Instructions for the task | If an entry includes an image, drop the image and copy the rest verbatim.
== Given entries
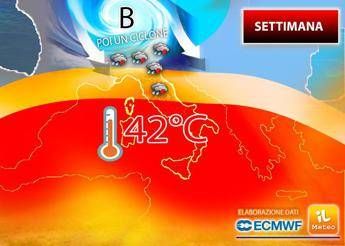 Meteo, caldo aumenta ma poi arrivano pioggia e grandine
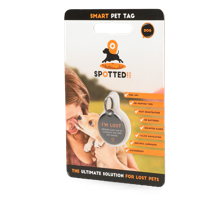 Halsband penning Spotted Dog, zwart, Maat: M - thumbnail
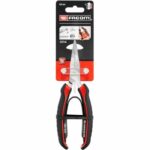 Straight flat -plague pliers 168 mm Facom - 188A.16CPEPB - Thin 46mm length and finely striated beak to strengthen the socket - Image 2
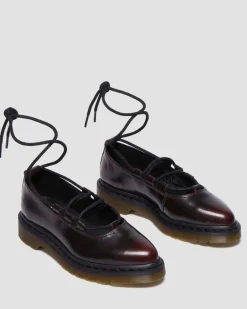Dr. Martens Shoes*Elphie II leather ballet flats in Cherry Red Arcadia Cherry Red Arcadia — Arcadia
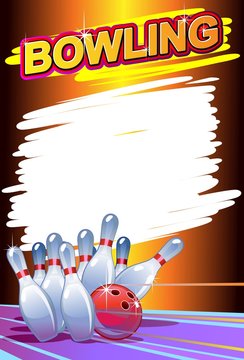 bowling poster
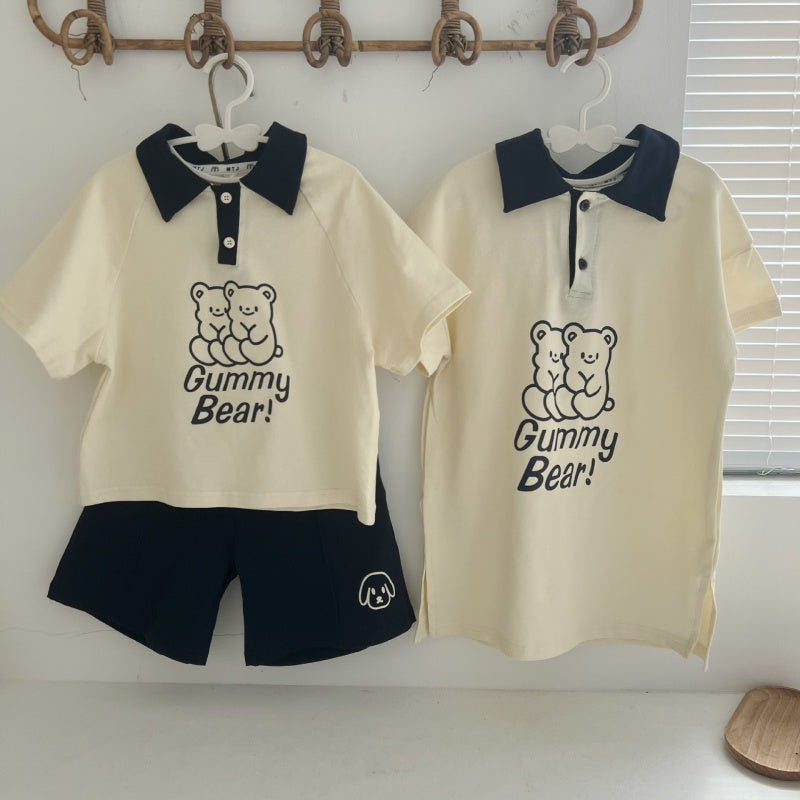 【BABY&KID】夏新作 カートンカジュアルワンピース/セットアップSK010219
====
Answer to this problem |
 Meteo, caldo aumenta ma poi arrivano pioggia e grandine
 Halsband penning Spotted Dog, zwart, Maat: M - thumbnail
 Straight flat -plague pliers 168 mm Facom - 188A.16CPEPB - Thin 46mm length and finely striated beak to strengthen the socket - Image 2
Dr. Martens Shoes*Elphie II leather ballet flats in Cherry Red Arcadia Cherry Red Arcadia — Arcadia
 bowling poster
 【BABY&KID】夏新作 カートンカジュアルワンピース/セットアップSK010219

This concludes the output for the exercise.